Practical System Thinking Principles - Part II

System thinking principles are foundational truths that are applicable for analyzing complex systems across a wide range of applications. Building on the first 3 principles shared in the previous post, let's explore 2 more principles that help understand and design life systems....

Complex systems are all around us and interact with us daily, from mechanical to cyber-physical and all the way to socio-technical systems including businesses, governance and other types of interconnected elements and relationships. System Thinking allows us to manage complex systems by breaking them into manageable sizes while keeping sight of the whole; focusing on the behaviors that define such a system driven by the interactions within the system, and between the system and its environment. While complex systems are often challenging to analyze, some underlying principles anchored to a holistic view of systems cut across various types of systems and help with understanding existing systems, designing new ones, or fixing broken systems.

In this second part of the four-part series to discuss key system principles in very practical terms, I discuss two key principles that help with analyzing complex systems of all types. Building on the discussions in Part 1 where I examine the system as a synergy of subsystems, and the criticality of stakeholder needs assessment as a basis of a good system architecture, as well as solution neutrality in defining the core needs that the system addresses; I proceed to discuss the importance of preserving the identity of the system when breaking down such a system and the true test of the effectiveness of interfaces or ‘hand shakes’ within a system and with its environment.
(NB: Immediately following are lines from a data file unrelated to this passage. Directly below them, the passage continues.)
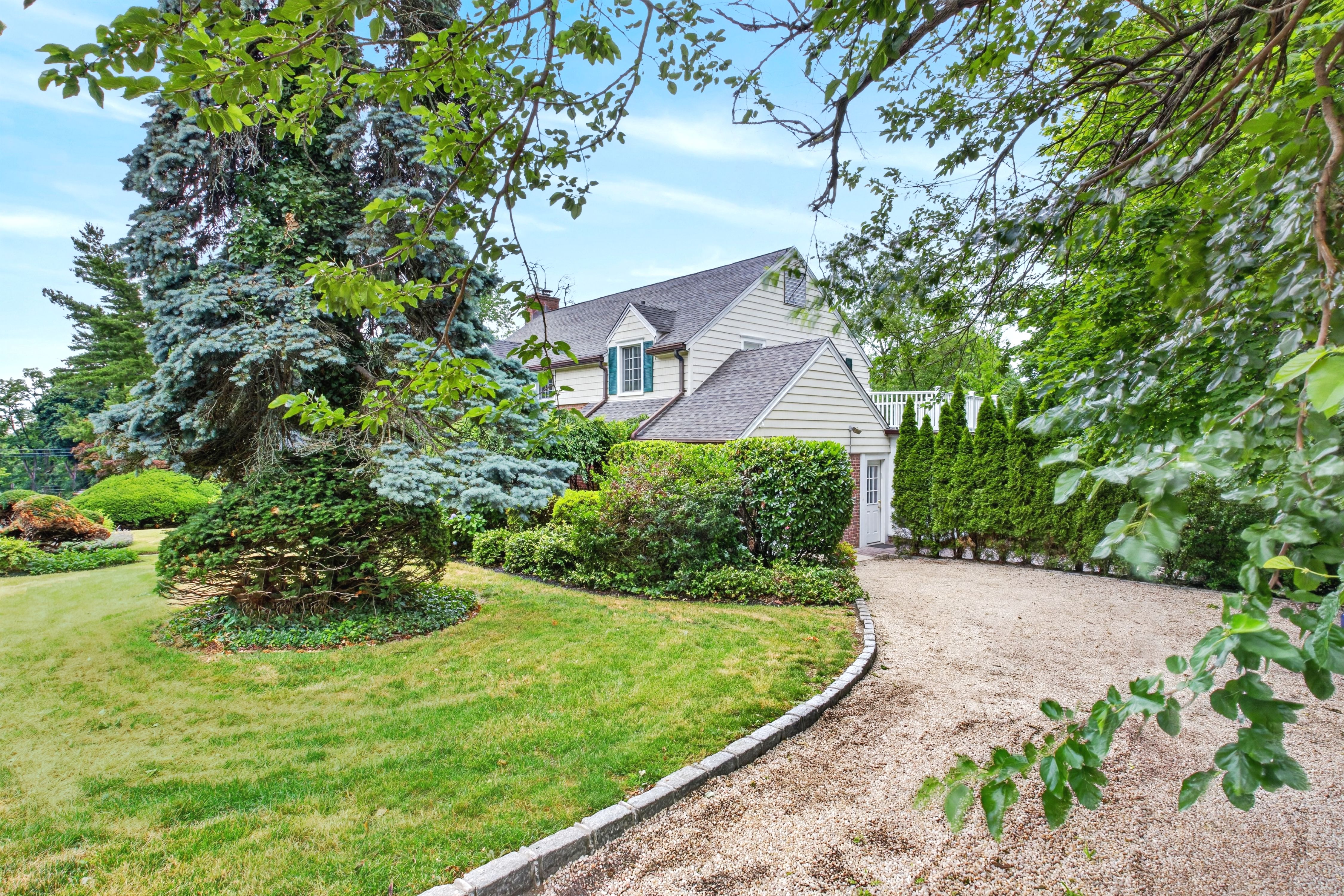  10 Ridge Drive, Port Washington, NY 11050 - 物件實景
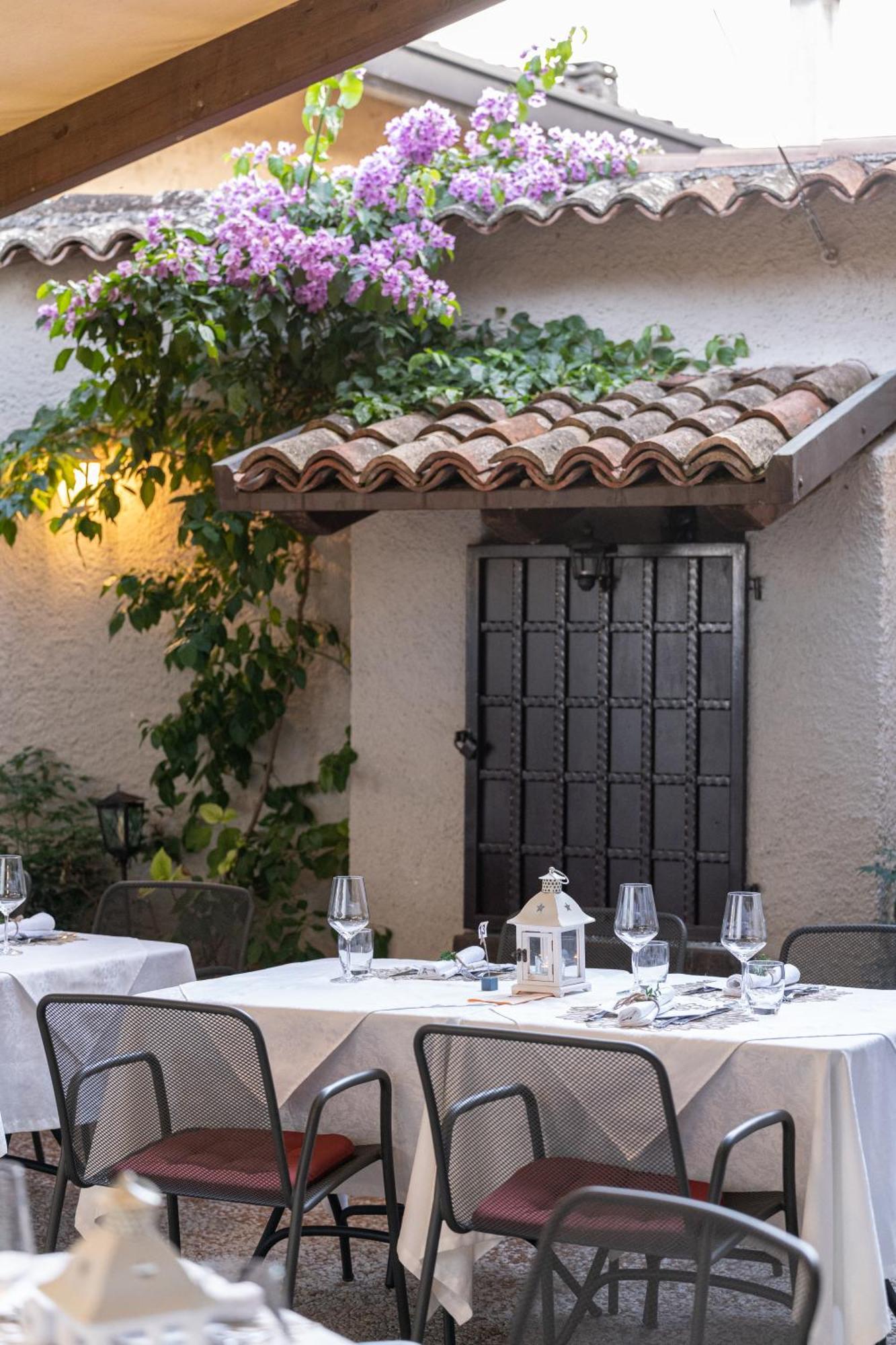 Borgo Dei Poeti Romantik Hotel Manerba del Garda Luaran gambar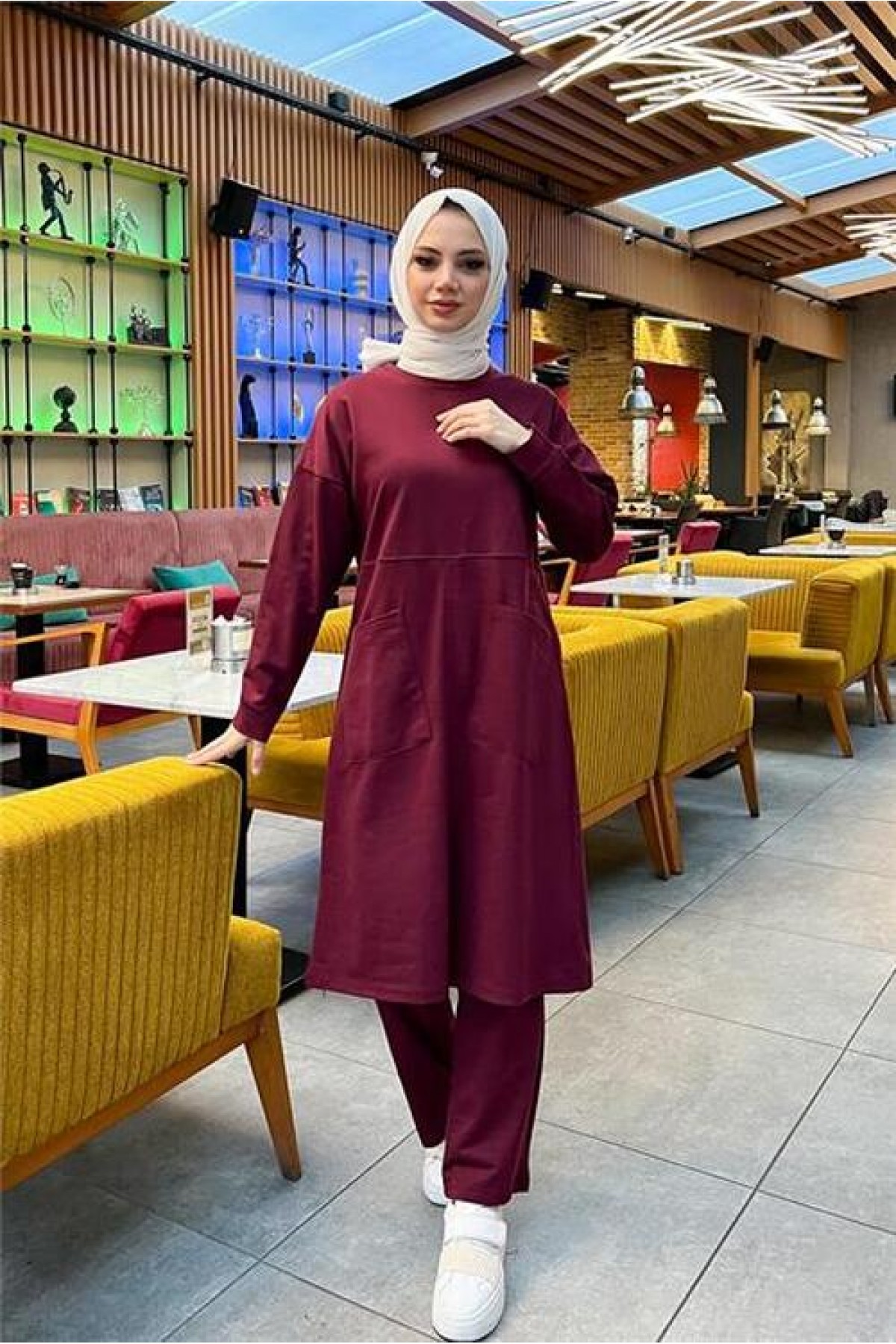 Simple Basic Long Tunic and Pants Two-Piece Sport Set with Two Front Pockets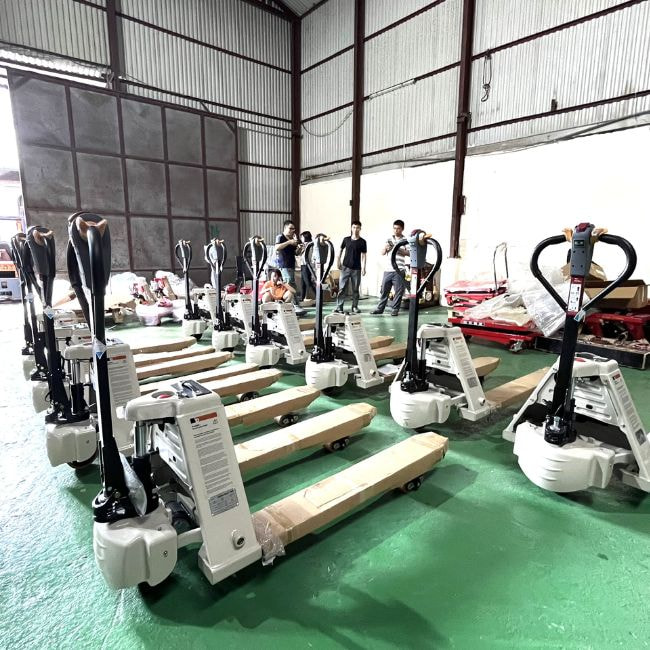 Xe nâng tay thấp điện là thiết bị không thể thiếu trong nhiều môi trường làm việc khác nhau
So, here goes Principles 4 and 5.....

Principle 4: Principle of Right Level of System Decomposition & Abstraction – To aid the analysis of a complex system, the system should be broken down to manageable / comprehensible layers in a way that preserves critical information regarding what drives the behaviors of the system such as key interactions within the system and across the system boundaries, while summarizing details of the system that are not essential for understanding the system under the specific viewing lens. Perfecting this art is sort of like tuning a microscope until the appropriate viewing is achieved.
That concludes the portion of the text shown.